Don't do the foam, it will eventually get damaged and hold water.  Density is what will lessen the sound.

Never tried it on a hull but I used it on a motor cowling. There is automotive silencing mat. Comes in sheets and peel and stick.


----------



## swampfox (May 9, 2007)

Yeah I wouldn't do the foam. That suff is tough t get out when it's waterlogged. I can't believe some builders like Ranger and others are spraying that in their alum boats. There are way to many ways for water to get to the bottom. Then in a few years you caring around a few hundred pounds of water.


----------



## CurtisWright (May 9, 2012)

Its the nature of the beast with Aluminum. Glass hull with rounded chines that sits as low as possible in the bow.

There isn't one boat that does it all. If you think you have found one your getting hosed by a sales pitch.


----------



## tomahawk (Mar 9, 2012)

> Don't do the foam, it will eventually get damaged and hold water.  Density is what will lessen the sound.
> 
> Never tried it on a hull but I used it on a motor cowling.  There is automotive silencing mat.  Comes in sheets and peel and stick.


You can get a product called Peel and Seal in the roofing section at Lowe's. Its basically the same as the auto grade dynamat stuff. Way cheaper to...


----------



## FSUDrew99 (Feb 3, 2015)

Yea I've used peel and seal on jobs before but I don't think it is thick enough to drown out most of the sound. I think I'm cleaning towards commercial grade carpet with a rubber bottom.


----------



## el9surf (Dec 23, 2008)

I have wondered if linex or a rubberized spray coating would quiet things down. Anyone know?


----------



## FSUDrew99 (Feb 3, 2015)

So I went ahead and bought a small roll of outdoor carpet with a rubber bottom liner on it as well as some strong adhesive that can with stand some of the elements even though it all in dry storage.
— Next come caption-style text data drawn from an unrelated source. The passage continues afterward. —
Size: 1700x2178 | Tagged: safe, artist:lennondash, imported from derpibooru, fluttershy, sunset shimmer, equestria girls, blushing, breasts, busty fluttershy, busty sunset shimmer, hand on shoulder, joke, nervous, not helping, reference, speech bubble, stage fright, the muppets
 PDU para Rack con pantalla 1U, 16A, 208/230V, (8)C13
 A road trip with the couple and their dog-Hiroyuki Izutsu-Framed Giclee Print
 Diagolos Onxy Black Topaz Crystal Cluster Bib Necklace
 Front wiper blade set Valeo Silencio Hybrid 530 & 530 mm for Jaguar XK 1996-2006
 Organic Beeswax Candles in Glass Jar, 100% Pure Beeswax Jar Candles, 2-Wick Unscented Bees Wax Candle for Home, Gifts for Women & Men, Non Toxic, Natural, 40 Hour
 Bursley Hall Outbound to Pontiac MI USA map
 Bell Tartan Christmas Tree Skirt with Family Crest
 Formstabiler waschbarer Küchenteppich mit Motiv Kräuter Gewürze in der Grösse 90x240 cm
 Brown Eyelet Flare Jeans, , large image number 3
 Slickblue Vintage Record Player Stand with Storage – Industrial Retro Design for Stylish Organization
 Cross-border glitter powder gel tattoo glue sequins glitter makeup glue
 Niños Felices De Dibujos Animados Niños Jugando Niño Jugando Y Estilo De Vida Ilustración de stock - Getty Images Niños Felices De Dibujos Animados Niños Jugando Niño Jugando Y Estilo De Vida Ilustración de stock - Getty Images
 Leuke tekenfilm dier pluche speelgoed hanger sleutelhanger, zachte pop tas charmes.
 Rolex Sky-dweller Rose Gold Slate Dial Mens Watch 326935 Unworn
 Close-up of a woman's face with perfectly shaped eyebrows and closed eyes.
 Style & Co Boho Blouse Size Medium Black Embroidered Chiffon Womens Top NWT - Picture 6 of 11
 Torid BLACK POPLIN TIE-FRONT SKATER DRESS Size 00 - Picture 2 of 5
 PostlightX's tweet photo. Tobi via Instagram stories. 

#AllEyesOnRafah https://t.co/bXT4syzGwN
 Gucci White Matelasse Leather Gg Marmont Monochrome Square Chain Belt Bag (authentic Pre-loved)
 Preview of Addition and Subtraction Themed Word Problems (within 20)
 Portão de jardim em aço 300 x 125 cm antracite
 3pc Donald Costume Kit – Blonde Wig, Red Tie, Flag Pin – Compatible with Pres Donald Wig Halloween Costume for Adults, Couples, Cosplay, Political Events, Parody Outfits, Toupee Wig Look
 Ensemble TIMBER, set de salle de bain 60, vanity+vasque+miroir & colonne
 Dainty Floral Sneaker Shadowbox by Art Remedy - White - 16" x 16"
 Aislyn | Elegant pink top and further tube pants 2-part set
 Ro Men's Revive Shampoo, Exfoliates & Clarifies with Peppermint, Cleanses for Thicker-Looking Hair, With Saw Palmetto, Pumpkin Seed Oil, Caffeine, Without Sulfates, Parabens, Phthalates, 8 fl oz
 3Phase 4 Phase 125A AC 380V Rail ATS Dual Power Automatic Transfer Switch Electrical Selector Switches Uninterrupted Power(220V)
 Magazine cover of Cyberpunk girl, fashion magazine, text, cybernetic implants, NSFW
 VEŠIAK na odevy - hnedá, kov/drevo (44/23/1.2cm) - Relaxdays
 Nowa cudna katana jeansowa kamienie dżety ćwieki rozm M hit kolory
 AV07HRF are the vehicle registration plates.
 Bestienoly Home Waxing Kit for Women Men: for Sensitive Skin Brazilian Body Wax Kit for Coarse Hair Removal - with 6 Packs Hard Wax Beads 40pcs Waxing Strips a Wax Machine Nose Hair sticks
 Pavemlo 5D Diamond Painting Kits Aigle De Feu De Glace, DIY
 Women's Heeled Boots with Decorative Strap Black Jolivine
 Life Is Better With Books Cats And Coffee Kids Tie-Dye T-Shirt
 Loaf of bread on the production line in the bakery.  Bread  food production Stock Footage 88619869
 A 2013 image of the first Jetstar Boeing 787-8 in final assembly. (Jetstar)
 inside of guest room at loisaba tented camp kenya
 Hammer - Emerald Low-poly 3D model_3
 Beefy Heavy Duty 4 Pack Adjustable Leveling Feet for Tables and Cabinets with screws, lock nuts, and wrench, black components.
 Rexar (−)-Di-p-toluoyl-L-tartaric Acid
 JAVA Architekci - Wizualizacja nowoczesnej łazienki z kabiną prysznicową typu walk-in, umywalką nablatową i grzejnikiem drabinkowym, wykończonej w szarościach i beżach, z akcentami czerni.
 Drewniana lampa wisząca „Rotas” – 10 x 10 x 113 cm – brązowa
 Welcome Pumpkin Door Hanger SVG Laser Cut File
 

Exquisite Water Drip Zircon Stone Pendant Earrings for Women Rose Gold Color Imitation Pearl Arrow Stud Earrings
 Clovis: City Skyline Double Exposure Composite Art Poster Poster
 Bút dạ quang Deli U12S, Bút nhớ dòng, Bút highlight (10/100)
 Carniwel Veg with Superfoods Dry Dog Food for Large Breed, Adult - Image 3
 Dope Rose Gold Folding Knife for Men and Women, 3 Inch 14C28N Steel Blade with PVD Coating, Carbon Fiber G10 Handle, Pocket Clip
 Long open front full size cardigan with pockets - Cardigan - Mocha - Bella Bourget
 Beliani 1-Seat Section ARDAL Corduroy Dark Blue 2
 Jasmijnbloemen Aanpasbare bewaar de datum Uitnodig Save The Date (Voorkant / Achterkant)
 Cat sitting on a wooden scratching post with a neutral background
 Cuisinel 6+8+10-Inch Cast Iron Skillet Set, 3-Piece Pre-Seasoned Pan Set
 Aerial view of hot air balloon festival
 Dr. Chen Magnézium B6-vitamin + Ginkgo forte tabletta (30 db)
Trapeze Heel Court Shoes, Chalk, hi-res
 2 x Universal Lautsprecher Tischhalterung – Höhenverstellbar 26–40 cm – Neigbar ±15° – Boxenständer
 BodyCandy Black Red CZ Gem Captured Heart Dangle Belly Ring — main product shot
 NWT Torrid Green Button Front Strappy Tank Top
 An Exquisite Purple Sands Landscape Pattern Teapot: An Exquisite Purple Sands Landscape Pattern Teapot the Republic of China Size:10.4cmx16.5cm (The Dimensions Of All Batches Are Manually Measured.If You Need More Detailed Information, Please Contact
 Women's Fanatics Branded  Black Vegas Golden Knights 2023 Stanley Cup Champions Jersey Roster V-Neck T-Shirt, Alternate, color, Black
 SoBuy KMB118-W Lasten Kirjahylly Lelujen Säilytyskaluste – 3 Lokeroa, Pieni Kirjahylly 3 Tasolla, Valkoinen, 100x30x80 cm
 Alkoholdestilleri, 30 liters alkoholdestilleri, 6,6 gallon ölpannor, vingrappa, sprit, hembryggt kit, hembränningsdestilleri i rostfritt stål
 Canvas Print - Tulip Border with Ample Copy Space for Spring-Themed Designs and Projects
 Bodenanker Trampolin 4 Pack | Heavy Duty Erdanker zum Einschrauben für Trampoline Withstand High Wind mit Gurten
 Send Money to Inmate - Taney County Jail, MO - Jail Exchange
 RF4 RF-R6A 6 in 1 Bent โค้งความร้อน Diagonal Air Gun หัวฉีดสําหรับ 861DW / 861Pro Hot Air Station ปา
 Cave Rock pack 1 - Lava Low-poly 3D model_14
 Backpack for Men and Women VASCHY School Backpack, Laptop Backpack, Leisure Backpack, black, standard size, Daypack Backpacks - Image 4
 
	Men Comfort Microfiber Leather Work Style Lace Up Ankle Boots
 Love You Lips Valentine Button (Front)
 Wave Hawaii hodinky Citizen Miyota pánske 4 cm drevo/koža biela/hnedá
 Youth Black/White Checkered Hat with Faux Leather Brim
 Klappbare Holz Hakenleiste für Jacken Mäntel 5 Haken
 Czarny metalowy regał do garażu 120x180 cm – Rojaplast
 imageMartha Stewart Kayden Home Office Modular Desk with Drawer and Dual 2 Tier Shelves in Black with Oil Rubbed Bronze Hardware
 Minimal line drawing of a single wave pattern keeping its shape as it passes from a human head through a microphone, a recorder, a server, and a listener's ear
After installing the carpet (insulation) in the dry storage on the bow as well as just in the bottom of the 2 small dry storage boxes on the boat it already sounds better. You can tap the from of the boat at the v-rake and it sounds dull already. Ill test her out this weekend and see how she does.


Here are some pics during the install:


----------



## SemperFiSH (Jun 19, 2013)

If the carpet doesn't get the result you are looking for...In the Marines we slept in ISO mats. You can get them at military surplus. Very light and don't seem to hold water. I used a 3m spray adhesive to secure it to the aluminum.


----------



## terrydonald80 (Nov 4, 2014)

Dynomat


----------